Each entry must appear again exactly as it does in the source.

◇ ◇ ◇ ◇ ◇

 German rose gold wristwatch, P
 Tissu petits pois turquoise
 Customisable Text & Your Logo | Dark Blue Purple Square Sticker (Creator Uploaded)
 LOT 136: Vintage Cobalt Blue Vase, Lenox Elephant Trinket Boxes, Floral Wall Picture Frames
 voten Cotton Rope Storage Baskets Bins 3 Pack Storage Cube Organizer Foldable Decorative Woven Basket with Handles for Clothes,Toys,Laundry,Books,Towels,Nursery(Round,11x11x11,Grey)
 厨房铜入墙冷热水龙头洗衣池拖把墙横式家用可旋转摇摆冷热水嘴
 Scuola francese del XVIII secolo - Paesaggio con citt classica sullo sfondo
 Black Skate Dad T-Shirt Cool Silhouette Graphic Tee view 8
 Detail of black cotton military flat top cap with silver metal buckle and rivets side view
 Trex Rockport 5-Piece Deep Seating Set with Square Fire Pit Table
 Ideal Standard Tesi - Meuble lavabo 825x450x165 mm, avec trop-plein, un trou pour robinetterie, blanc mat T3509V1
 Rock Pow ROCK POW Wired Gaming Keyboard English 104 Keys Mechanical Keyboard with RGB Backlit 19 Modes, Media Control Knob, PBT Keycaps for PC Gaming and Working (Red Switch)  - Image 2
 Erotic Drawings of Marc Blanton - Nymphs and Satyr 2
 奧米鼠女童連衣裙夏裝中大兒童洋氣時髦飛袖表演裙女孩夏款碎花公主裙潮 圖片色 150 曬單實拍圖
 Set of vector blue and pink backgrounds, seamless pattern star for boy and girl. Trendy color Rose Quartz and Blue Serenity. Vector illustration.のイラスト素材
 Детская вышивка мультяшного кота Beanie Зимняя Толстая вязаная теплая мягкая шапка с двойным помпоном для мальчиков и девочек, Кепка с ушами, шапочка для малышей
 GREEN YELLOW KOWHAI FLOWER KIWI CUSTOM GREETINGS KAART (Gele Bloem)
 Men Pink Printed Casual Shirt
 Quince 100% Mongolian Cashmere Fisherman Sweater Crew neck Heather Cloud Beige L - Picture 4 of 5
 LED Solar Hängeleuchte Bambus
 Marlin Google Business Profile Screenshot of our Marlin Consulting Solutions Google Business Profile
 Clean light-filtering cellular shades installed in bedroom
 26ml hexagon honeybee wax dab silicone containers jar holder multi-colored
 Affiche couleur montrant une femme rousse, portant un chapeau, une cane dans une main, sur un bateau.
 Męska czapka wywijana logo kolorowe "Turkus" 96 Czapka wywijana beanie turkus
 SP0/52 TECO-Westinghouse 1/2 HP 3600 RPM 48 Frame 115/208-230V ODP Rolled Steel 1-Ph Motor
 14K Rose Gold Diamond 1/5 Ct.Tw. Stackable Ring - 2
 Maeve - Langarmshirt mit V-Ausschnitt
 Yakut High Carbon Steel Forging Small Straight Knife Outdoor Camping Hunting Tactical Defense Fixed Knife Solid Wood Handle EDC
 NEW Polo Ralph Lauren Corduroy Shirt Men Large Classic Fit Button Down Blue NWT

◇ ◇ ◇ ◇ ◇

▸ SOLUTION FOR THIS EXERCISE
 German rose gold wristwatch, P
 Tissu petits pois turquoise
 Customisable Text & Your Logo | Dark Blue Purple Square Sticker (Creator Uploaded)
 LOT 136: Vintage Cobalt Blue Vase, Lenox Elephant Trinket Boxes, Floral Wall Picture Frames
 voten Cotton Rope Storage Baskets Bins 3 Pack Storage Cube Organizer Foldable Decorative Woven Basket with Handles for Clothes,Toys,Laundry,Books,Towels,Nursery(Round,11x11x11,Grey)
 厨房铜入墙冷热水龙头洗衣池拖把墙横式家用可旋转摇摆冷热水嘴
 Scuola francese del XVIII secolo - Paesaggio con citt classica sullo sfondo
 Black Skate Dad T-Shirt Cool Silhouette Graphic Tee view 8
 Detail of black cotton military flat top cap with silver metal buckle and rivets side view
 Trex Rockport 5-Piece Deep Seating Set with Square Fire Pit Table
 Ideal Standard Tesi - Meuble lavabo 825x450x165 mm, avec trop-plein, un trou pour robinetterie, blanc mat T3509V1
 Rock Pow ROCK POW Wired Gaming Keyboard English 104 Keys Mechanical Keyboard with RGB Backlit 19 Modes, Media Control Knob, PBT Keycaps for PC Gaming and Working (Red Switch)  - Image 2
 Erotic Drawings of Marc Blanton - Nymphs and Satyr 2
 奧米鼠女童連衣裙夏裝中大兒童洋氣時髦飛袖表演裙女孩夏款碎花公主裙潮 圖片色 150 曬單實拍圖
 Set of vector blue and pink backgrounds, seamless pattern star for boy and girl. Trendy color Rose Quartz and Blue Serenity. Vector illustration.のイラスト素材
 Детская вышивка мультяшного кота Beanie Зимняя Толстая вязаная теплая мягкая шапка с двойным помпоном для мальчиков и девочек, Кепка с ушами, шапочка для малышей
 GREEN YELLOW KOWHAI FLOWER KIWI CUSTOM GREETINGS KAART (Gele Bloem)
 Men Pink Printed Casual Shirt
 Quince 100% Mongolian Cashmere Fisherman Sweater Crew neck Heather Cloud Beige L - Picture 4 of 5
 LED Solar Hängeleuchte Bambus
 Marlin Google Business Profile Screenshot of our Marlin Consulting Solutions Google Business Profile
 Clean light-filtering cellular shades installed in bedroom
 26ml hexagon honeybee wax dab silicone containers jar holder multi-colored
 Affiche couleur montrant une femme rousse, portant un chapeau, une cane dans une main, sur un bateau.
 Męska czapka wywijana logo kolorowe "Turkus" 96 Czapka wywijana beanie turkus
 SP0/52 TECO-Westinghouse 1/2 HP 3600 RPM 48 Frame 115/208-230V ODP Rolled Steel 1-Ph Motor
 14K Rose Gold Diamond 1/5 Ct.Tw. Stackable Ring - 2
 Maeve - Langarmshirt mit V-Ausschnitt
 Yakut High Carbon Steel Forging Small Straight Knife Outdoor Camping Hunting Tactical Defense Fixed Knife Solid Wood Handle EDC
 NEW Polo Ralph Lauren Corduroy Shirt Men Large Classic Fit Button Down Blue NWT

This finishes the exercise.